Work request. When you copy the records that follow, please keep every word exactly as it is and leave out the pictures.

--- Given data ---

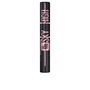 Maybelline Mascara LASH SENSATIONAL SKY HIGH COSMIC 7,2 ml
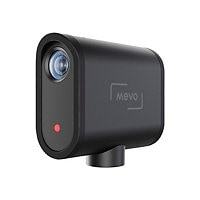 Mevo Start - live streaming camera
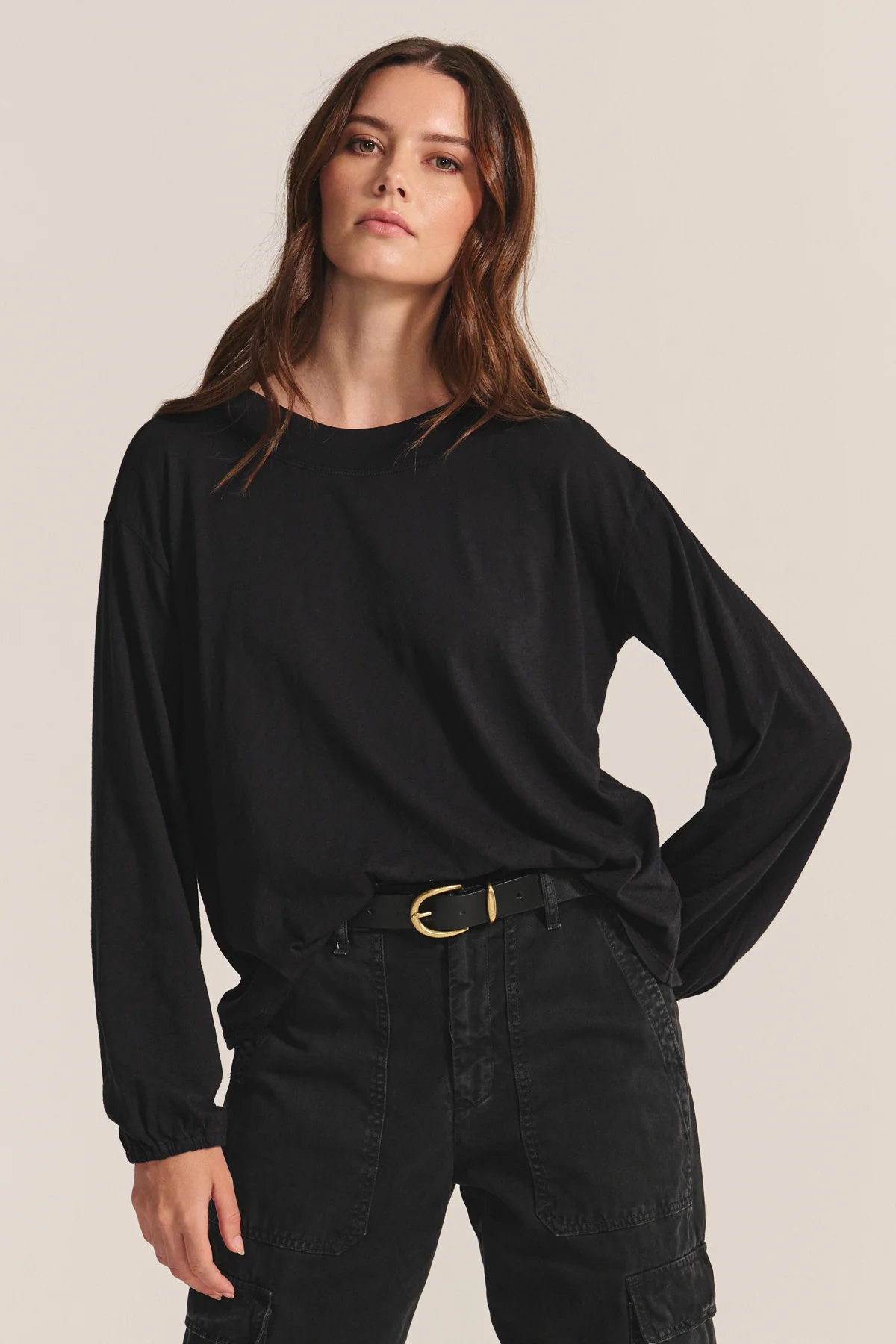 JAMINA TEE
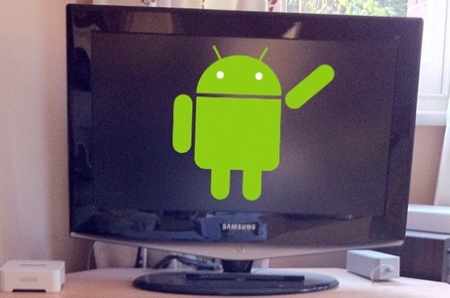 �����ֻ�ϵͳ�ߴ�����������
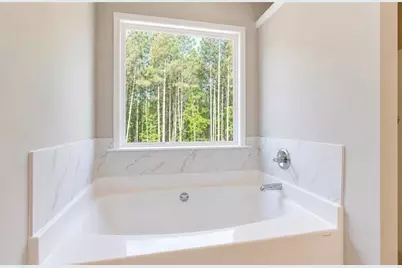684 Ragan Court, Social Circle, GA 30025 - Photo 11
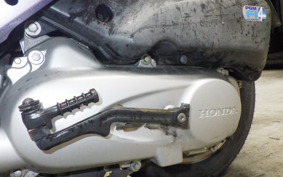 HONDA DIO CESTA GEN 2 AF68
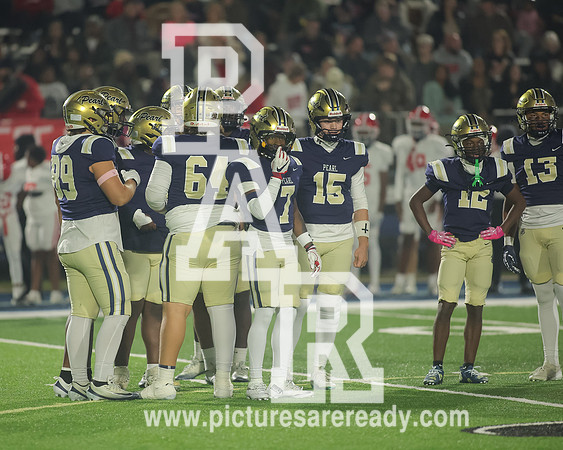 2025_Fball_BrandonvsPearl-41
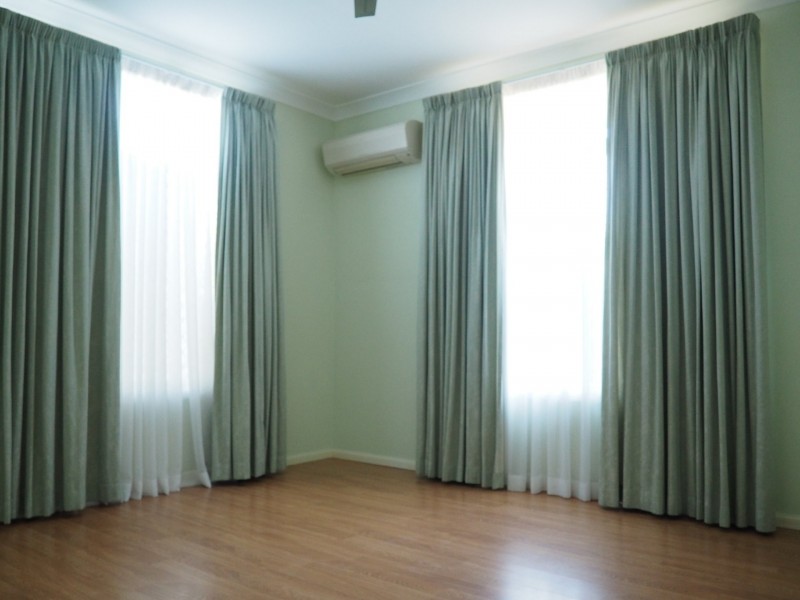 14 Opal Street, Mount Isa QLD 4825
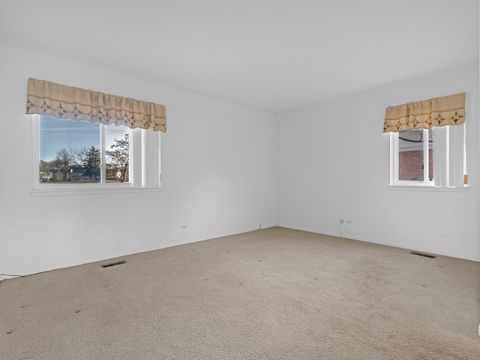 Tiny photo for Wheeling, IL 60090 (MLS # 12581841)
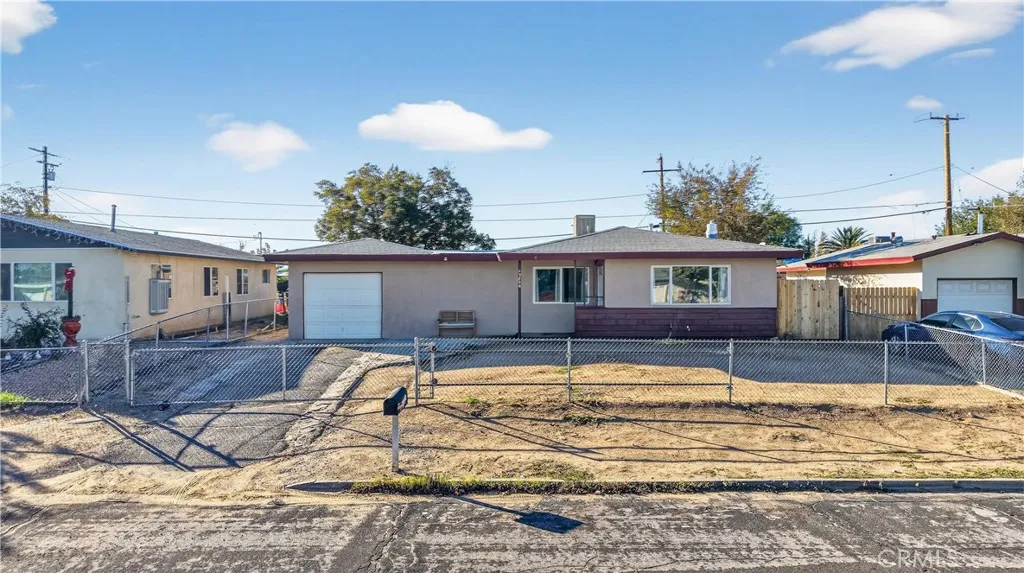 Additional image 3 of 15254 Las Piedras Drive, Victorville, CA 92395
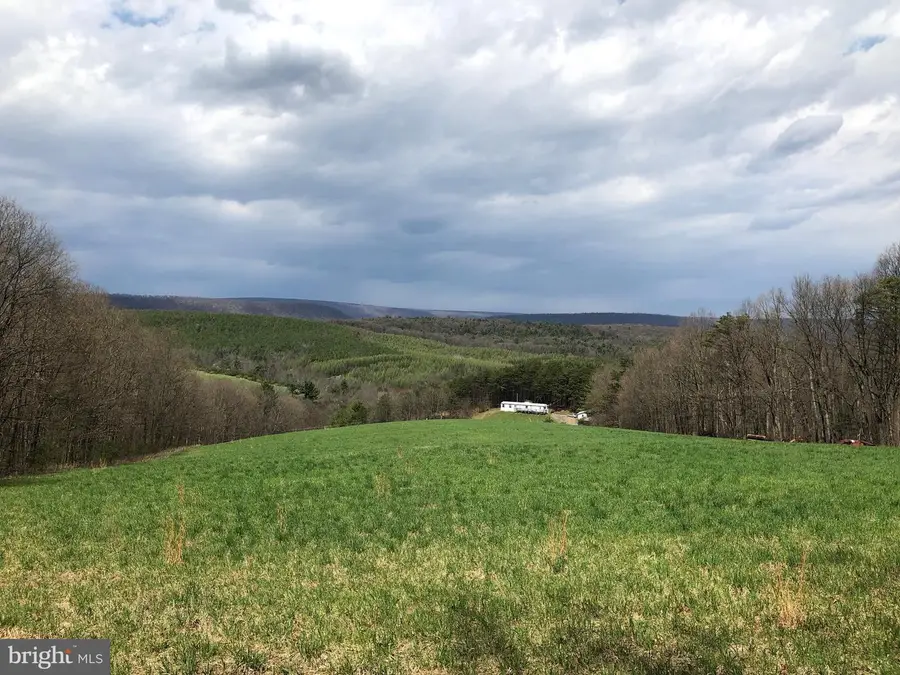 338 N Madden Rd, Three Springs, PA 17264 - Image #3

---

Task response.
 Maybelline Mascara LASH SENSATIONAL SKY HIGH COSMIC 7,2 ml
 Mevo Start - live streaming camera
 JAMINA TEE
 �����ֻ�ϵͳ�ߴ�����������
684 Ragan Court, Social Circle, GA 30025 - Photo 11
 HONDA DIO CESTA GEN 2 AF68
 2025_Fball_BrandonvsPearl-41
 14 Opal Street, Mount Isa QLD 4825
 Tiny photo for Wheeling, IL 60090 (MLS # 12581841)
 Additional image 3 of 15254 Las Piedras Drive, Victorville, CA 92395
 338 N Madden Rd, Three Springs, PA 17264 - Image #3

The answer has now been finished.